Given recent court cases which have gone against the Government with regards to control orders and pre-charge detention (Lotfi Raissi’s life was torn apart and he was physically attacked and yet he was completely innocent of all accusations), you’d think that the Government would ensure that the legislation was watertight. Sadly it appears they will just bulldoze it through without amendment. This Government has a long and undistinguished history of this.
Lets be in no doubt, if there is a substantial case for such powers the opposition would be far lesser, but as the Second Reading of the Bill showed, the case is very small indeed with key players outside of the Westminster village rejecting the need for such powers. The Director of Public Prosecutions, who would have to approve the 42 day detention order, has been on record to say that there isn’t really a case for it. As David Davis, Shadow Home Secretary has said, “if the 28-day point is reached, and a policeman has a reasonable suspicion and expects to find the evidence in the 42-day period that the right hon.
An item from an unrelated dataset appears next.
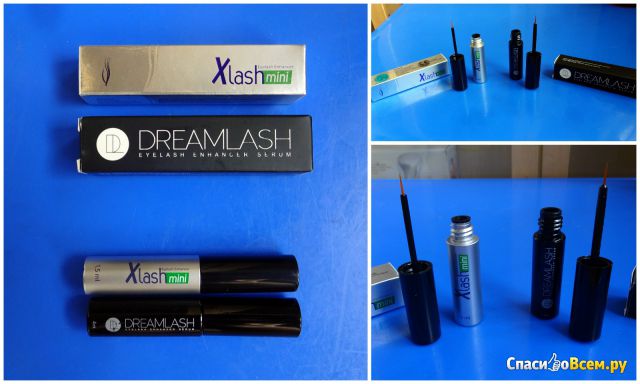 Средство для роста ресниц Priorway Cosmetics "Dreamlash" Eyelash Enhancer Serum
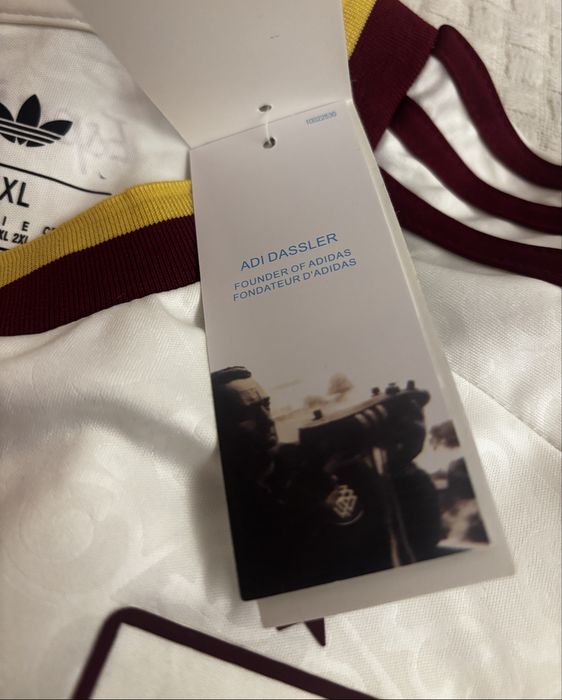 Camisola Alternativa de Espanha 2XL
Lady wants, he can charge”. There is no explanation as to where the 42 days power has come from. Why 42?
The Government has assured MPs that Parliament will have to approve each 42 day extension, within 30 days of a request. That’s not much of an assurance if Parliament must meet at some point during that 30 day period, while someone languishes in a cell, without a charge to their name and that Parliament will not be privy to the full details of the case (understandable really, but its still a farce). An extension can be granted upon “reasonable suspicion”. So no proper evidence of a crime, just a thought that maybe the person has done something illegal? The burden of proof is far too low and available to abuse. Parliament having to deal with such a process would also mean the divide between the legislature and the judiciary being broken. This provision is a worrying idea which destroys key parts of our unwritten constitution and will allow abuse by the Governing party.
A part of the Government’s case has been the argument known as the “Armageddon Defence”, that is if Armageddon is to come surely we need all powers at hand just in case we need them. Which is why the Government has the Civil Contingencies Act 2004. Its bringing up an extreme example to justify heavy actions. A desperate attempt to get support that is more of a sixth form debating tactic rather than parliamentary debating.
It has been a complaint long held by many brilliant MPs on both sides of the Commons that legislative scrutiny has rescinded in the past decade. When the Government get the First reading done, they already have the schedule for the progress of the Bill prepared so that they know exactly when the Bill will be debated and when the guillotine drops on them. The process leads to bad legislation.
As I have outlined, parts of this Bill will have a dramatic impact on this country and all with good intentions, but as anyone will point out, some of the worst horrors on the planet have been done with good intentions borne in mind.